The Wooten Brothers, Plus One – At the Massry Center at the College of St. Rose in spring, 2020, they were, from left: Regi “the Teacher” Wooten, guitar; Bob Franceschini, saxophones; Roy “Futureman” Wooten, drums; Victor Wooten, bass; and Joe Wooten, keyboards.

“After Victor challenged the band to riff in complex times, from busy 11/8 to the sudden silly silence of 0/8, Joseph led the hit-it-and-quit-it climax of odd intervals. The last giant unison blast hit after 45 beats. As they chatted, walked around, put down their instruments, of course, they never lost the count; delighting the on-its-feet cheering crowd with one last ferocious funk stroke.”

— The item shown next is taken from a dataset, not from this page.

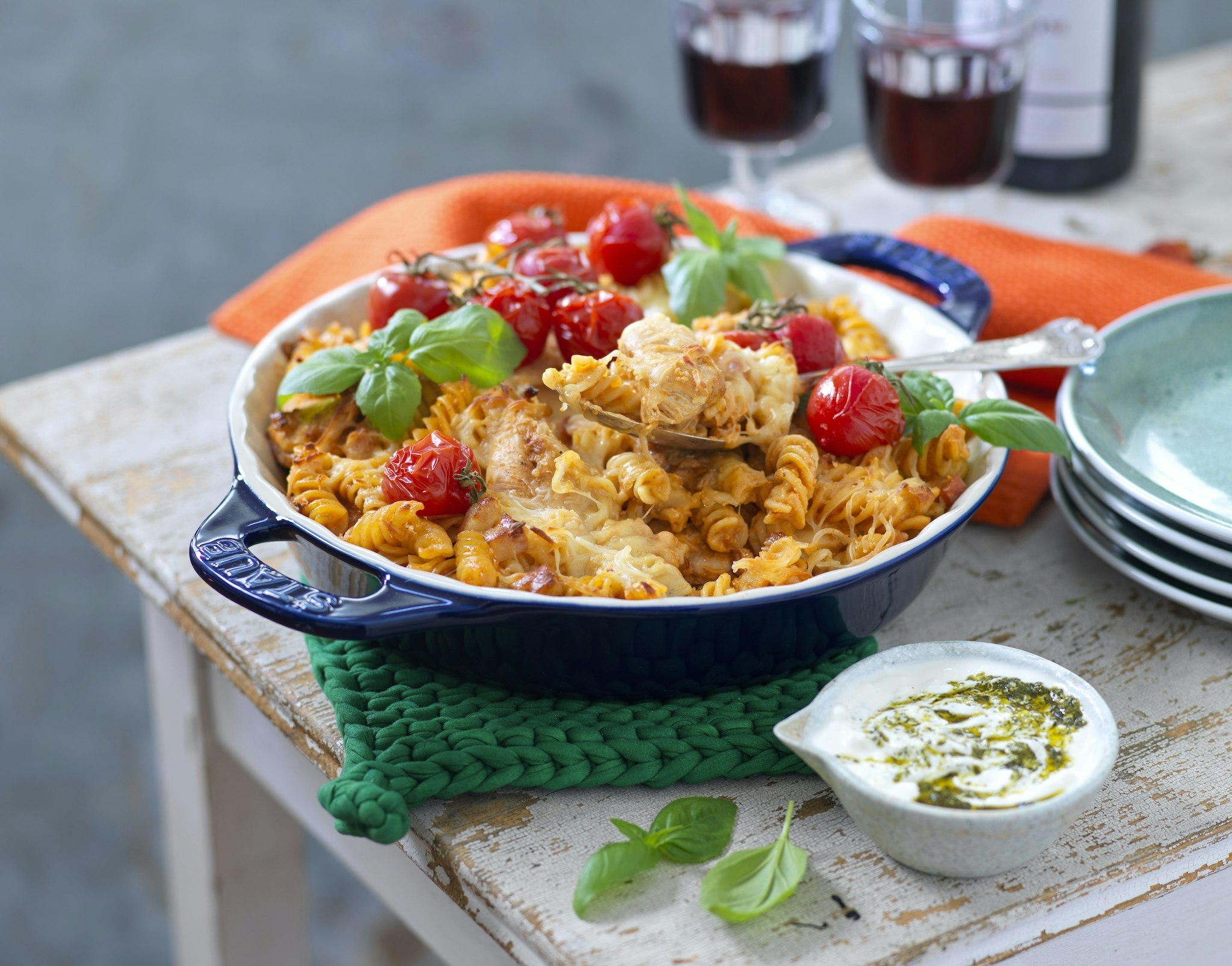 Kycklinggratäng med mozzarella och tomat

Victor, the youngest Wooten, is arguably the greatest electric bassist since Jaco Pastorious, best known of the brothers and leads the Wooten Brothers Monday.

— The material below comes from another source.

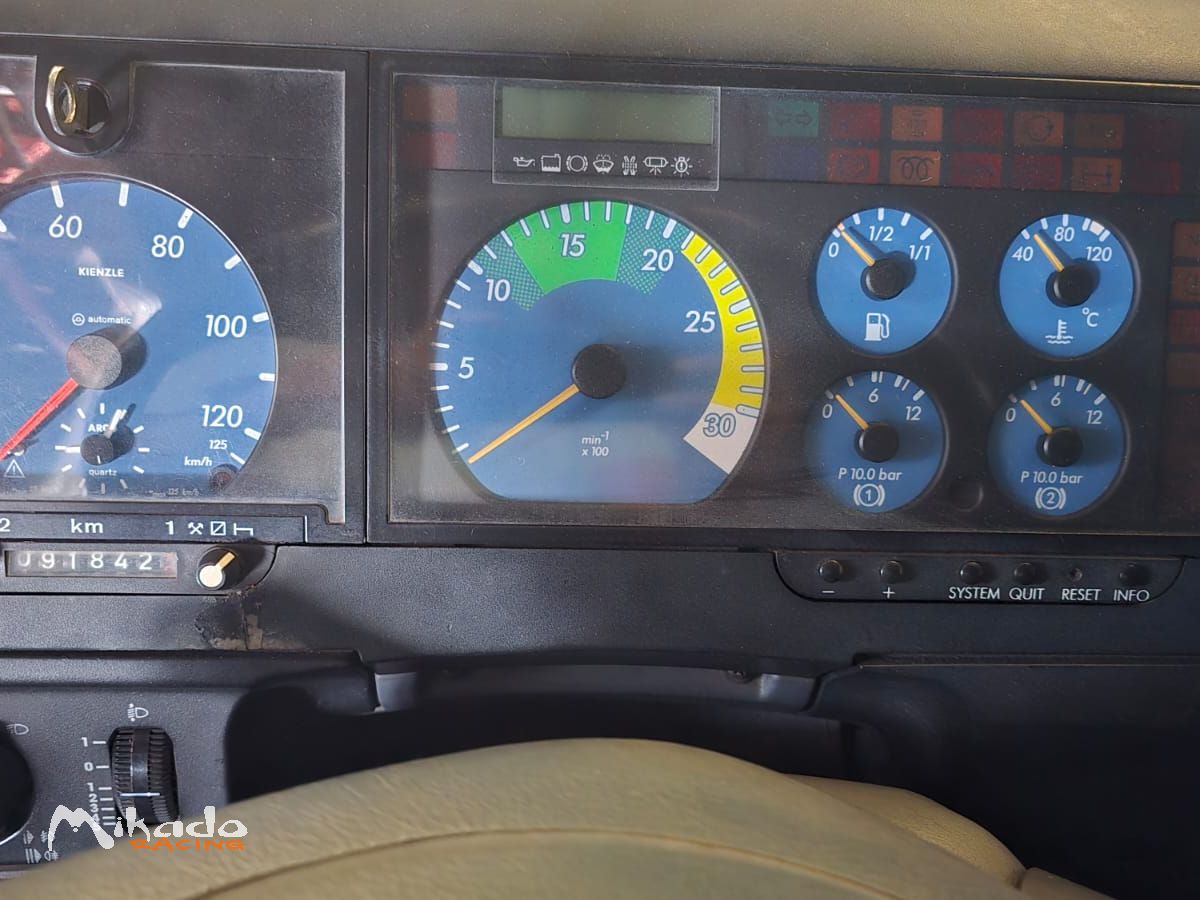 Mercedes Benz atego 817 race truck – photo 6 sur 6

He’s as prolific as he is powerful, on 14 albums with Bela Fleck and the Flecktones (drummer Roy “Futureman” is also a Flecktone), plus 10 albums as a leader, six more with Bass Extremes and other collaborations, and one with his brothers, “Sweat.” This album, and songs recorded decades earlier between their main gigs, supplied the repertoire for their most recent area appearance, also at the Hall.

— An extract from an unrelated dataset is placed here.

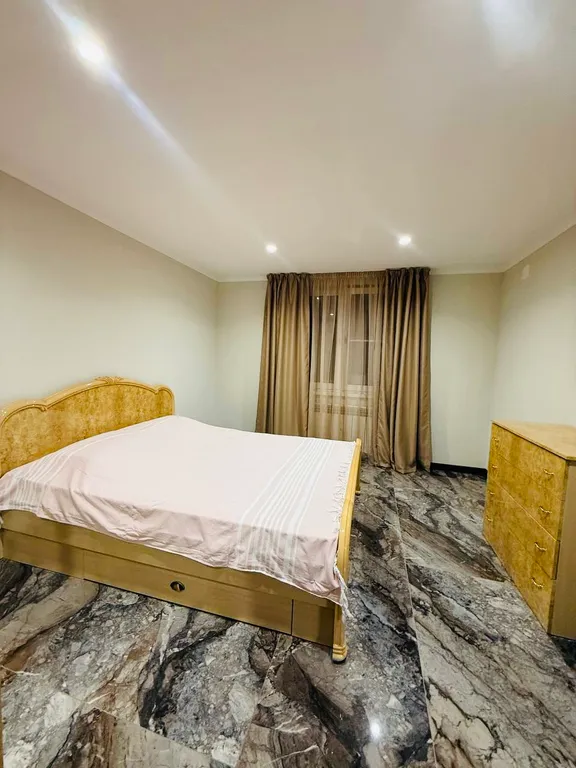 Уютная просторная квартира на 1 этаже частного дома с видом на горы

Onstage, they perform a program, a song cycle built on family lore, including honoring their late saxophonist brother Rudy, and on a shared life-long love of soul music, jazz and pop. 

He’s played here many times, from our biggest venues (SPAC, MVP Arena) with the Flecktones to the cozy Parting Glass in Saratoga Springs in a duo with drummer J.D. Blair, in funky instrumental combos at The Egg, the Massry Center at the College of St. Rose and elsewhere and several times with his brothers since their “Sweat” album hit.

Victor also educates students in his music-nature camp outside Nashville; and he’s a singularly sweet modest man, always gracious to fans.

Once when son Zak couldn’t make it to a Wootens show at the Egg with me, I approached Victor at the after show-merch-table meet and greet and told him Zak was ailing and couldn’t make it. We’d met before, so Vic knew who I meant. When I handed him a blank note card and a pen, he laughed and wrote a sweet get-well message to Zak. It worked, like his music always does.

The Wooten Brothers play the Troy Savings Bank Music Hall (30 Second St.) on Monday. Showtime: 7:30 p.m. VIP (pre-show meet & greet, Q&A, sound check access, limited edition poster) $94.50; concert only $44.50, $34.50, students $15. $4 processing fee per ticket, additional facility fee and venue fee may apply. 518-273-0038 http://www.troymusichall.org.

One thought on “PREVIEW: Four Fantastic Wooten Brothers Play Troy Monday

Comments are closed.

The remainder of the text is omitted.